Topic 7 - The Distribution Of Wealth And Income Flashcards
(17 cards)
Difference between wealth and income
Income is a flow concept
Wealth is a stock concept
Income is an inflow of money from:
Salary
Benefits
Investments
Dividends
Interests
What is capital gains tax
Taxes on your capital gains (profits from capital assets such as stocks, real estate,etc. )
Give examples of “unearned” incomes:
Benefits
Dividends
Interests
Rent
Investments
Explain why high income leads to more opportunity for income
When you already have a flow of income, you can easily use this leftover spending money and use it to invest which can generate more income.
Explain why income and wealth distribution is increasing even though Everyone is ‘getting richer’.
the rich are getting richer at a more rapid rate than the poor are getting richer bringing across more uneven distribution
Define relative and absolute poverty
Relative poverty is if you earn below 60% of median income
Absolute poverty is living on less than 2 dollars a day
Factors affecting distribution of income:
— factors of production - earnings for labour have not risen as fast as the earnings from land and entrepreneurship (Widens gap of INCOME distribution )

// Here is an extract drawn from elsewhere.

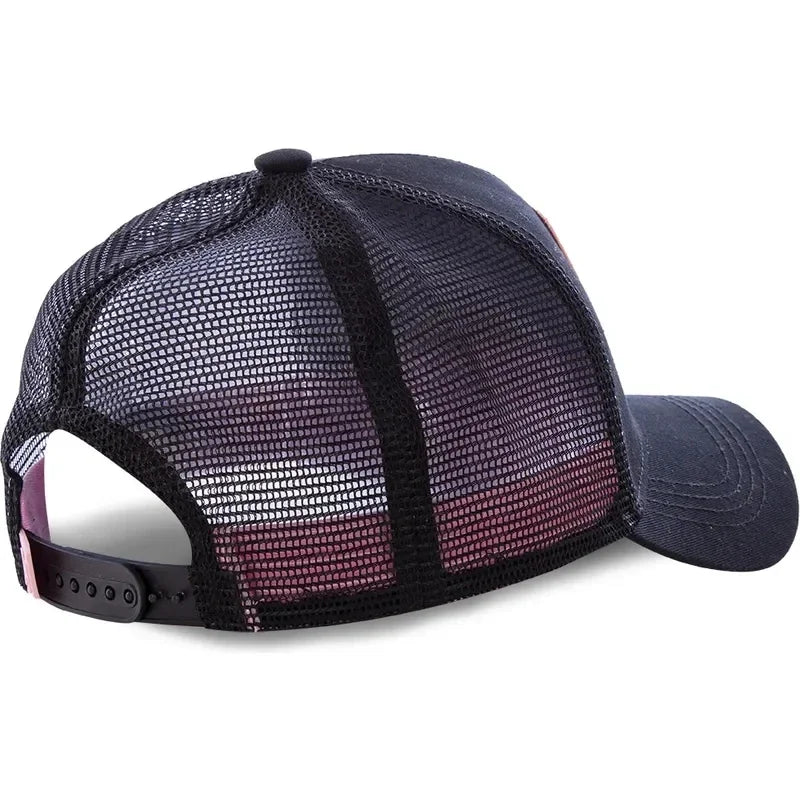 Cappellino Dragon Ball Son Goku da viaggio estivo con visiera, da uomo, ricamato, stile hip-hop, visiera parasole, cappellino trucker regolabile in rete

— Earned vs Unearned income - Unearned income from money invested provides multiple sources of income which therefore widens the gap of INCOME distribution
— Salary differentials - gap between bottom and top earners has also been widening causing even more uneven distribution
— Migration - freer movement of goods and labour have widened the gap of income distribution by providing lots of low paid jobs in manufacturing and other low skill jobs.
Factors affecting distribution of WEALTH
Inheritance and luck - Old money refers to money being passed down from generations. New money refers to money being generated by entrepreneurs and taking risks that pay
Taxation - both income and wealth are taxed in order to redeistribute wealth more evenly in a way which reduces the gap between the rich and poor
Pension assets - private pensions allow for the rich to gain even more wealth while the poor do not gain as much widening the distribution of wealth.

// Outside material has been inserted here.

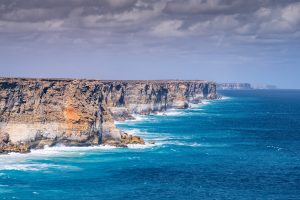 Bunda Cliffs Coastal Landscape, Great Australian Bight – South Australia Panoramic view of Bunda Cliffs showing eroded limestone sea cliffs and deep blue Southern Ocean along the Great Australian Bight, South Australia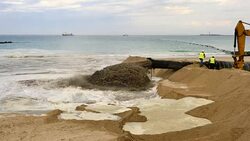 Wide Angle: Construction Crew Working on Pipe Stock Footage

Capital gains - Benefitng from an increase in the value of an asset such as a house is rarely seen in poor people. This is because the rich are the ones who own these assets and therefore increase their wealth. This once again widens the gap.
What are the types of unemployment:
Frictional - temporary while switching jobs
Cyclical - driven by current economic state
Seasonal unemployment - people who work seasonal jobs experience these
Structural unemployment - caused by the closure of an industry/large firm leading to less demand for labour hence created a gap of unemployment.
Immobility of labour - not being able to move to an area where a job is available due to family ties, financial struggles, etc.
What are ways we can measure distribution of income and how de we use them
Lorenz curve shows the cumulative % of total income and what percentage of households from richest to poorest make that percentage of money
You can then use the gini coefficient (Area of A / Area of A + B) . The smaller to 0 the more equally distributed it is
— Kuznets curve
What are the consequences of unequal distribution of wealth/income
Countries with the widest gaps between rich and poor are often countries with the most social/health problems
Inequality boosts crime rates, lowers life expectancy, increases imprisonment rates, etc.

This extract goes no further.